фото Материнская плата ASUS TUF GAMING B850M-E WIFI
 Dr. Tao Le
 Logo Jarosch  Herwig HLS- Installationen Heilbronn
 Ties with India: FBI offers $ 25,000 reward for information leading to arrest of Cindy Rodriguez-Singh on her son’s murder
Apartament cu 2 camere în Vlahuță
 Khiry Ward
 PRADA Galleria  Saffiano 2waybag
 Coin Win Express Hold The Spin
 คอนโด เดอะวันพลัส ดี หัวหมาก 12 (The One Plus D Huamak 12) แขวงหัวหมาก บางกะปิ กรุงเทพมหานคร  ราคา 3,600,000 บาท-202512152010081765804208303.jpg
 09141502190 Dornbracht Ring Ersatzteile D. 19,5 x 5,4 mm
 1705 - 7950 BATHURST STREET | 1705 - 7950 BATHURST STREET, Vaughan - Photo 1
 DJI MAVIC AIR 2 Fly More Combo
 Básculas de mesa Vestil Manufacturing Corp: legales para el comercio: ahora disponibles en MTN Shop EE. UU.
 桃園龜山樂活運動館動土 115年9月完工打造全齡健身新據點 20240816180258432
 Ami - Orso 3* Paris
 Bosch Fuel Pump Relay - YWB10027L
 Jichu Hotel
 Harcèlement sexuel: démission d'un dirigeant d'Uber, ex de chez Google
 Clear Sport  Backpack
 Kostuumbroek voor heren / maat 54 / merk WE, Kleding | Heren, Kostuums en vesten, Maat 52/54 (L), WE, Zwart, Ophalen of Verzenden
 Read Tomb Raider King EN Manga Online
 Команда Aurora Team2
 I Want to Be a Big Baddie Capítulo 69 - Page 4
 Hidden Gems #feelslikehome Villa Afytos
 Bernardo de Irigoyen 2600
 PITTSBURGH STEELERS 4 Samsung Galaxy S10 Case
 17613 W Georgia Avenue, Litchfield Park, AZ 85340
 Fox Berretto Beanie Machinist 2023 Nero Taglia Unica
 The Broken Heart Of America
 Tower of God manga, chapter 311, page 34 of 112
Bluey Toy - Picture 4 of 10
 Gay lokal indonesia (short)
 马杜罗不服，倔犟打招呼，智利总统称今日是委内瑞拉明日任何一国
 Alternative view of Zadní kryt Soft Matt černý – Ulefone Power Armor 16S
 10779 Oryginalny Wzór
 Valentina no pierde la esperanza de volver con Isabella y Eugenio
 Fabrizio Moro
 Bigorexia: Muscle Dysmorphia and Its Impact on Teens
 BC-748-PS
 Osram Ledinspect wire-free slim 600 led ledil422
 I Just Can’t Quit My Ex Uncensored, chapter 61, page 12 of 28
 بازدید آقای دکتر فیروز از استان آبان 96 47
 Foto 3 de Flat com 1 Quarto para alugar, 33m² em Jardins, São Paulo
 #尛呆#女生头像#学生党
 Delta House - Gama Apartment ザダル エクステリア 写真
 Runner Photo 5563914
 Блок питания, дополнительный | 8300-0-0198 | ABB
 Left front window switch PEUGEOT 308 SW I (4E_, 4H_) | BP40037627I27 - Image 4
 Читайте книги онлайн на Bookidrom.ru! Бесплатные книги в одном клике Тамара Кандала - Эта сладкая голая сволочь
--------------------------------------------------
Count how many lines in the entries contain "Photo", then state that number alone.

EXPECTED ANSWER
2